Leroy-Beaulieu was born in Rome. After spending her childhood in Italy where her father, Philippe Leroy, worked in the local film industry, she went to Paris at 16 to study drama against the advice of her parents; her father especially tried to keep her from pursuing a career that followed in his footsteps but was unsuccessful. After appearing on the stage, Leroy-Beaulieu made her screen début in Roger Vadim's 1983 comedy-drama film Surprise Party. The following year, she played Fauve Mistral in the 1984 mini-series version of Judith Krantz's novel Mistral's Daughter.

In 1985, Leroy-Beaulieu played her first major screen role (and earned a nomination for the César Award for Most Promising Actress), playing the distraught mother in the Academy Award for Best Foreign Film-nominated comedy Trois hommes et un couffin (Three Men and a Cradle).

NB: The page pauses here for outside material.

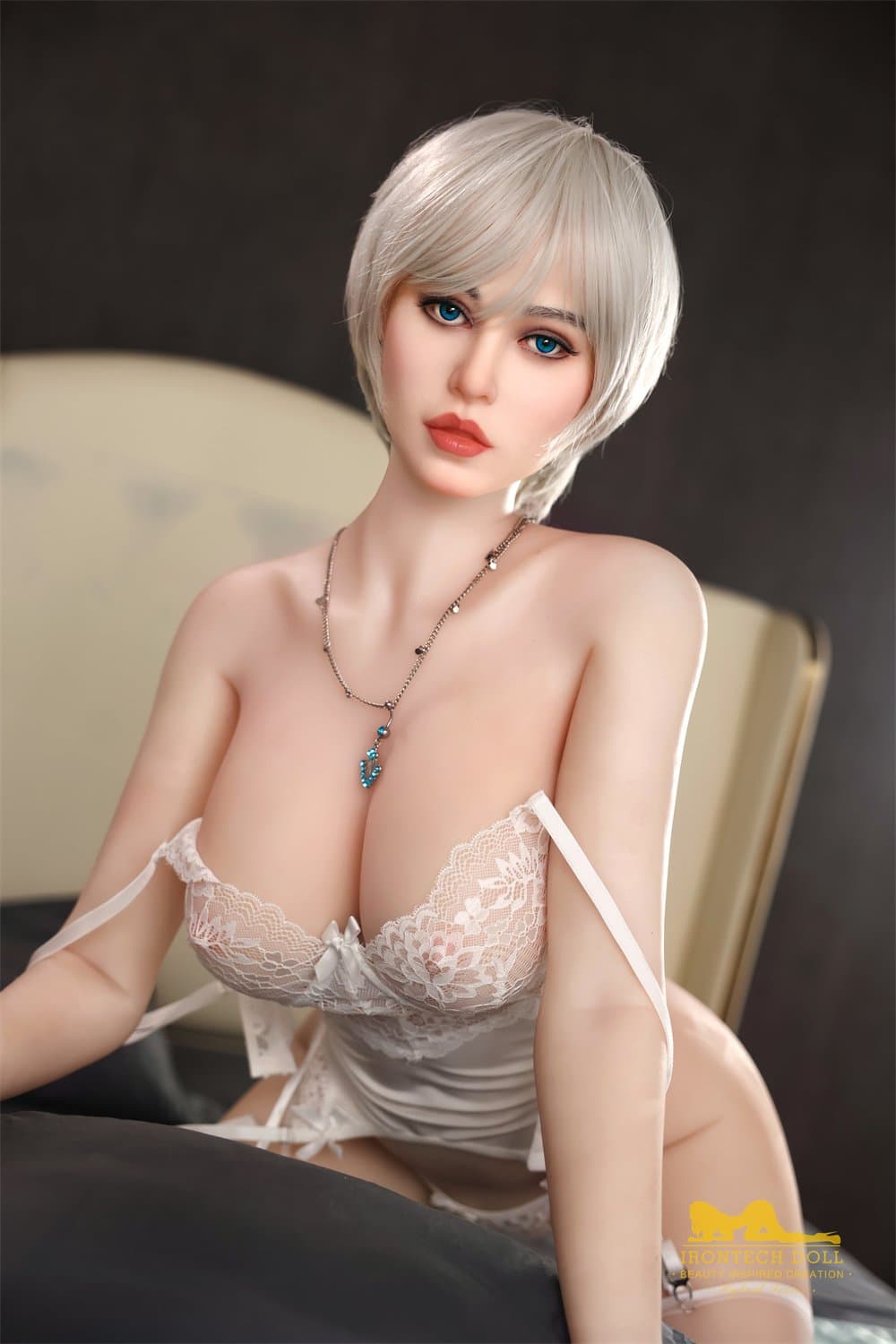 Angelia White Hair Sex Doll 159cm Plus S2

The success of Coline Serreau's comedy helped her film career and a string of parts in costume films followed such films as Andrzej Wajda's Les Possédés in 1988, Philippe Le Guay's Les Deux Fragonard, and Robert Enrico's and Richard T. Heffron's La Révolution française (Mademoiselle Leroy-Beaulieu acted out the role of Charlotte Corday in the latter production), whose release in 1989 was timed to coincide with celebrations for the bi-centenary of the 1789 Revolution.

Leroy-Beaulieu starred in the title role of the French film Natalia, which was screened at the 1988 Cannes Film Festival. The following years, she acted in a various European movies, notable A Soul Split in Two (1993), Neuf mois (1994), Un eroe borghese (1995), Vatel (2000), and Two Brothers (2004). On television, she played Catherine Barneville in the comedy series, Call My Agent! (2015–18), and starred as a lead character in the detective series, Agathe Koltès (2016–19). In 2020, she began starring as Sylvie Grateau in the Netflix comedy-drama series, Emily in Paris. In 2022, she appeared as Monique Ritz, widow of Charles Ritz in the episode of Netflix period drama series, The Crown.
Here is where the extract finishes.